169
Из этого каменного внутреннего подземного мира восстает видение ленточного червя, что содрогается и колышется по правилам перистальтики в монотонности беспрерывного проглоттического[248]размножения. Ни одна проглоттида не похожа на другую, но их легко спутать. В каждом отрывке текста, каким бы крохотным тот ни был, сам Джойс оказывается единственным содержанием. Все вроде бы ново, однако остается ровно тем же, чем было с самого начала. Полное тождество с природой! Изобилие, россыпь красот – и какая скука! Джойс надоедает до слез, вызывает жуткую и опасную скуку, до которой далеко даже откровенной и наихудшей банальности.

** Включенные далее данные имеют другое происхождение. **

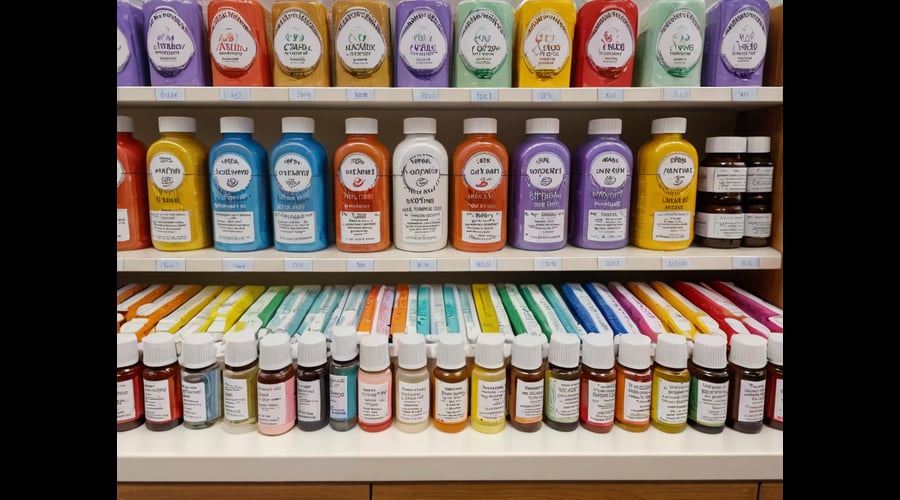 This roundup reviews the most effective runny nose medicines, comparing their ingredients, dosages, and potential side effects to help you find the right medication for your symptoms.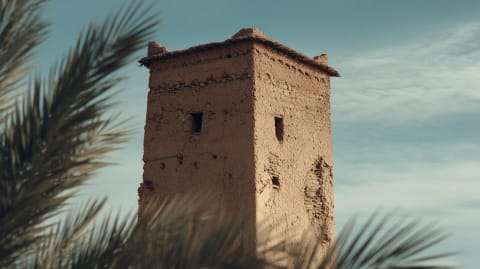 4-Day Sahara & Valleys Journey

Это скука природы, стылый свист ветра над утесами Гебридских островов, восход и закат солнца над просторами Сахары, рокот моря – подлинная «вагнеровская мотивирующая музыка», как справедливо отмечает Курциус, а вместе с тем – бесконечные повторы одного и того же. Несмотря на вводящую в смятение многосторонность Джойса, в его тексте можно выделить некоторые темы, пусть автор, полагаю, предпочел бы, чтобы мы этого не делали, ведь причинности и целесообразности нет места в его мире, они бессмысленны и лишены всякой ценности. Тем не менее проявление тем неизбежно, они служат опорой для всех психических событий, как бы автор ни старался выжать душу из каждого события (именно это последовательно выполняет Джойс). Все обездушивается, частицы теплой крови остывают, события разворачиваются в пространстве ледяного эгоизма. Во всей книге нет ничего приятного, ничего вдохновляющего или обнадеживающего – лишь серость, жуть, уныние, патетика, трагизм, ирония изнаночной стороны жизни, представленные столь хаотично, что поневоле приходится искать тематические связи с увеличительным стеклом. Но все же они находятся, в первую очередь в облике скрытых обид глубоко личного характера, в обломках насильственно отсеченного отрочества; осколки всей истории мысли при этом выставляются в жалкой наготе на всеобщее обозрение. Религиозная, эротическая и бытовая предыстория автора отражается в тусклой поверхности потока событий; мы даже наблюдаем распад его личности и превращение в Блума,170
Где-то может прятаться тайный порядок или параллелизм глав текста – отдельные уважаемые исследователи его выявляли[250], – но он настолько надежно скрыт, что лично я при первом прочтении ничего подобного не заметил. Впрочем, даже если бы и заметил, этот порядок в моем беспомощно-раздраженном состоянии нисколько бы не заинтересовал, ибо в нем отражается монотонность всякой другой убогой человеческой комедии.171
Я взялся за «Улисса» в 1922 году, но отложил книгу, преисполненный разочарования и раздражения. По сей день она кажется мне скучной. Почему же тогда я пишу о ней? В обычной обстановке я бы не стал этого делать, как не стал бы писать о любой другой форме сюрреализма (а что такое сюрреализм?), превосходящей мое понимание. Я пишу о Джойсе потому, что один издатель имел неосторожность спросить меня, что я думаю о нем, или, скорее, об «Улиссе»[251], раз уж мнения по поводу этой книги столь противоположны. Не подлежит сомнению тот факт, что «Улисс» выдержал десять переизданий, а автора этой книги одни прославляют, другие же проклинают. Будучи средоточием критики, роман тем самым выступает как общественное явление, которое психолог не может и не должен игнорировать. Джойс оказал заметное влияние на современников, и именно это обстоятельство некогда пробудило во мне интерес к «Улиссу». Соскользни его текст тихо и незаметно в пучину забвения, я бы, конечно, не стал бы ее оттуда извлекать; она несказанно меня раздражала, а веселила крайне редко. Более того, она внушала опасения и сулила скуку, воздействовала на меня лишь отрицательно, и я боялся, что это плод отрицательного мировоззрения автора.